Die Entscheidungsfindung zur Rechtsform bei der Unternehmensgründung fällt erfahrenen Unternehmern bzw. Seriengründern oft recht leicht, aber wer sein erstes Unternehmen gründet, hat in diesem Bereich erheblichen Beratungsbedarf. Daher richten wir diesen Beitrag insbesondere an Erstgründer bzw. diejenigen, die vielleicht schon gegründet haben und sich fragen, wann es Zeit für einen Wechsel der Rechtsform ist.
Vorsicht – Pauschalurteile helfen dir bei der Gründung nicht!

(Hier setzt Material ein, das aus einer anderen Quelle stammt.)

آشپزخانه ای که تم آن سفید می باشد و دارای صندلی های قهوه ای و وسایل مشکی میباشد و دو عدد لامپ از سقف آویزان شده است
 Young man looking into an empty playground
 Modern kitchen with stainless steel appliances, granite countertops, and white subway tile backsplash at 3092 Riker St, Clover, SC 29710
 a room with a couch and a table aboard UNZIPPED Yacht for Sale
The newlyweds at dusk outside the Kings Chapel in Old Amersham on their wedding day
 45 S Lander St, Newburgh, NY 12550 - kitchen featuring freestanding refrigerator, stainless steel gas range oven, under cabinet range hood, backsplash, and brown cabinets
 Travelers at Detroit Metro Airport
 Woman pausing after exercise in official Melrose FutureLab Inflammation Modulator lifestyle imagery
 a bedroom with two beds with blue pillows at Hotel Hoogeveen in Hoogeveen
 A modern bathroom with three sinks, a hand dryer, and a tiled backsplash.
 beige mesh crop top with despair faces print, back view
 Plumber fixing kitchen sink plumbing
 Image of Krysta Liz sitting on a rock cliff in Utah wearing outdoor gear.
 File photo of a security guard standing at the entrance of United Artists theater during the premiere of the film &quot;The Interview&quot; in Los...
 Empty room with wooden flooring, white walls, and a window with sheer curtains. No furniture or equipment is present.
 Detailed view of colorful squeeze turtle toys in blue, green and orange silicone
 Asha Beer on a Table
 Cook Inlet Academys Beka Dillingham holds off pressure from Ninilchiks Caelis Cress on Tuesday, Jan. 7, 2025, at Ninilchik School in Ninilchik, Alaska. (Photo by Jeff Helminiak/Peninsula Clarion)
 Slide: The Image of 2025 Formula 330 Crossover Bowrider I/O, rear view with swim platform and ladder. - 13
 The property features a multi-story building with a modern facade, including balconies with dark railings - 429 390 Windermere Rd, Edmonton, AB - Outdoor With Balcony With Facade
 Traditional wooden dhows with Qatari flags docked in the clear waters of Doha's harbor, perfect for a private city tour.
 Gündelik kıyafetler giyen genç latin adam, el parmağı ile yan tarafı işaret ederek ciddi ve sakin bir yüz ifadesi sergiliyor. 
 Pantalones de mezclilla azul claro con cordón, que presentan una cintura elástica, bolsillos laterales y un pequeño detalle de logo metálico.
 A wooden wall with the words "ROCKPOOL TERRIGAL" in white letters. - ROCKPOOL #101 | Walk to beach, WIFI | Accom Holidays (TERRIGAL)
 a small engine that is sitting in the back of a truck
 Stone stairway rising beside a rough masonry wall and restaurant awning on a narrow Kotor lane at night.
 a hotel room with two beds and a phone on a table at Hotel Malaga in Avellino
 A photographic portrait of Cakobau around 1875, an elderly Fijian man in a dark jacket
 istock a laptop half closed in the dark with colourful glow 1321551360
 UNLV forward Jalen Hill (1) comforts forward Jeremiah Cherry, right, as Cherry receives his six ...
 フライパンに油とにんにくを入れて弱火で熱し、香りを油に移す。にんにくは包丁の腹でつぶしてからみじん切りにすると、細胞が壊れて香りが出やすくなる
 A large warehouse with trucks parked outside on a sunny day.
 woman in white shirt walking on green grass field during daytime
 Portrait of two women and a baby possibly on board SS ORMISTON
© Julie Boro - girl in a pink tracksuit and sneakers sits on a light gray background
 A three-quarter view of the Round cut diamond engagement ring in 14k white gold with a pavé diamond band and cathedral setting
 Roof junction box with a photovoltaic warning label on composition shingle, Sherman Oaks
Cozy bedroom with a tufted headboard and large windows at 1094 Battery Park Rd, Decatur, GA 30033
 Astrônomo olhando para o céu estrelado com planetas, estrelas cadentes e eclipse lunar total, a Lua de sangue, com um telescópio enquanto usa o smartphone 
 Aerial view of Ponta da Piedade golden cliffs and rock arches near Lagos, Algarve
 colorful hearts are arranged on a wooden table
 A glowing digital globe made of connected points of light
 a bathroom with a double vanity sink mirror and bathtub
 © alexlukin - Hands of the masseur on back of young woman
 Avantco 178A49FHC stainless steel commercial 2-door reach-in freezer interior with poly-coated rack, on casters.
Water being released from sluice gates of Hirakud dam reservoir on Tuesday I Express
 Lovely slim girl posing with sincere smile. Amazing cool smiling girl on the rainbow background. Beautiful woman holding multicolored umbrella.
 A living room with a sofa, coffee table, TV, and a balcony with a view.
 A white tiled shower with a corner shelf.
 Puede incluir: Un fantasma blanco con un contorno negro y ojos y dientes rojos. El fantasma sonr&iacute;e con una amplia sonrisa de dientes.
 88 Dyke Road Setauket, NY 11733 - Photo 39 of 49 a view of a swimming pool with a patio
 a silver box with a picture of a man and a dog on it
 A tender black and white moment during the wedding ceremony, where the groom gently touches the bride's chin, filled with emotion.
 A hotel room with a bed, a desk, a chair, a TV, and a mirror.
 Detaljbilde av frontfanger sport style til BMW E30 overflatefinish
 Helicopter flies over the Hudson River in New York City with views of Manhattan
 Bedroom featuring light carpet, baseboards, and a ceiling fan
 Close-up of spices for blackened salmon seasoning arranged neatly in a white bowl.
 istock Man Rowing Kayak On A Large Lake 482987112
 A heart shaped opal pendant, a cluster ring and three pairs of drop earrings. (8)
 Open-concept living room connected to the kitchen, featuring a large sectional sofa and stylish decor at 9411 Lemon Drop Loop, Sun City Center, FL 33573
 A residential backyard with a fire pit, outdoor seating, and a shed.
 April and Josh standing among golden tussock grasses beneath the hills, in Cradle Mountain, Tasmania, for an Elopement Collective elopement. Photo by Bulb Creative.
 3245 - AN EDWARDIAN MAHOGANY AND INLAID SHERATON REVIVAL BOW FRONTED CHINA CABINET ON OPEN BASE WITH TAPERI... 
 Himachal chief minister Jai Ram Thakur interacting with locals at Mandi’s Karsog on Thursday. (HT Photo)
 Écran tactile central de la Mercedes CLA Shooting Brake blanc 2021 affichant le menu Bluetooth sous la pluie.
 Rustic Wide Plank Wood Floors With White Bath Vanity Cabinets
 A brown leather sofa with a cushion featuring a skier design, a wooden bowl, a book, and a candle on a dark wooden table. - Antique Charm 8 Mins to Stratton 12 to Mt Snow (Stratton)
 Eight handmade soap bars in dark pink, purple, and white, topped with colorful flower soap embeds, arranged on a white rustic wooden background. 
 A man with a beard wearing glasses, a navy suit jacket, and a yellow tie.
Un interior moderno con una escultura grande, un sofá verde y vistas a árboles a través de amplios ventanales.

Auch wenn du als Gründer oder Gründerin in sozialen Netzwerken noch so oft hörst, dass die GmbH das Non plus ultra ist, braucht es dennoch eine differenzierte Betrachtungsweise, welche viel zu oft fehlt!
Folgende Vorwände sind bei der Unternehmensgründung keine Argumente
Im Folgenden beleuchten wir diese und weitere Einwände einfach mal unter einem anderen Licht.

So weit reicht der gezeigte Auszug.